CFOs running companies without dedicated pricing teams today confront a stark reality: slowing growth, inflationary pressures that refuse to dissipate and the looming specter of stagflation. At the same time, companies without dedicated pricing teams find themselves vulnerable as costs fluctuate and competitive pressures erode margins. Without in-house pricing expertise, the CFO must preserve profitability and position the company for resilience amid economic turbulence.

Once treated as a tactical exercise, pricing is now a strategic imperative. It cannot be left to reactive decision-making or gut instinct, particularly in a period defined by price volatility, supply chain instability and unpredictable demand. Success requires mastering the three Cs: 

  1. Costs, which now change almost minute-by-minute;
  2. Competition, which requires anticipating rivals’ responses to market shifts; and
  3. Customer value, which must be reassessed as buyer perceptions evolve rapidly in uncertain times. 

Unfortunately, most companies focus solely on costs, missing crucial competitive and value opportunities. If the business lacks a specialized pricing function, the CFO must take ownership of this critical lever for financial health.

Protecting margins when pressures mount

Margin erosion is one of the most immediate consequences of economic uncertainty. Costs for materials, labor and transportation have risen substantially in recent years, but companies often struggle to adapt their pricing strategies quickly enough to keep pace. Delays in price adjustments, uncoordinated discounting practices and failure to account for customer willingness to pay can result in shrinking profits — even in sectors where demand remains relatively strong. 

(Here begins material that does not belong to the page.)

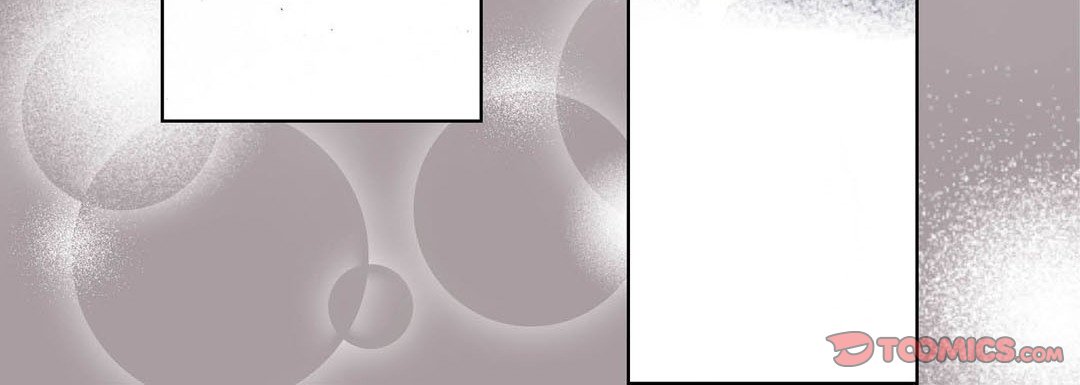 Totally Captivated Stories Totally Captivated Stories EP 76 - Toomics page 48 -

Consumer behavior compounds these challenges. Research shows that pricing uncertainty often triggers stockpiling behavior, accelerating shortages and creating inflationary pressures that harm both businesses and consumers. Clear communication about pricing changes becomes as critical as the pricing decisions themselves.

For CFOs, the first step is establishing control over pricing decisions and bringing financial rigor to the process. Without a robust pricing strategy, businesses risk either underpricing their products and leaving money on the table or overpricing and losing critical sales volume. CFOs must:

  • Identify cost-to-price misalignments. Many companies still rely on outdated cost-plus pricing methods, which fail to reflect dynamic market conditions, competitive positioning or shifts in customer value perceptions. CFOs need to champion a pricing model that responds dynamically to both costs and demand.
  • Control discounting practices. Sales teams often resort to heavy discounting to close deals, especially when facing revenue pressure. CFOs must implement clear guidelines for discount approval, ensuring that price concessions do not eat into already thin margins.
  • Manage cost-to-serve. When stagflation hits, customers turn to discount requests to maintain their margins. The CFO must prioritize adapting business rules and monitoring customer cost-to-serve.
  • Use data to guide decisions. In a period of uncertainty, relying on gut instinct for pricing decisions is no longer acceptable. CFOs must use data and analytics to evaluate price elasticity, uncover customer willingness to pay and identify underperforming segments.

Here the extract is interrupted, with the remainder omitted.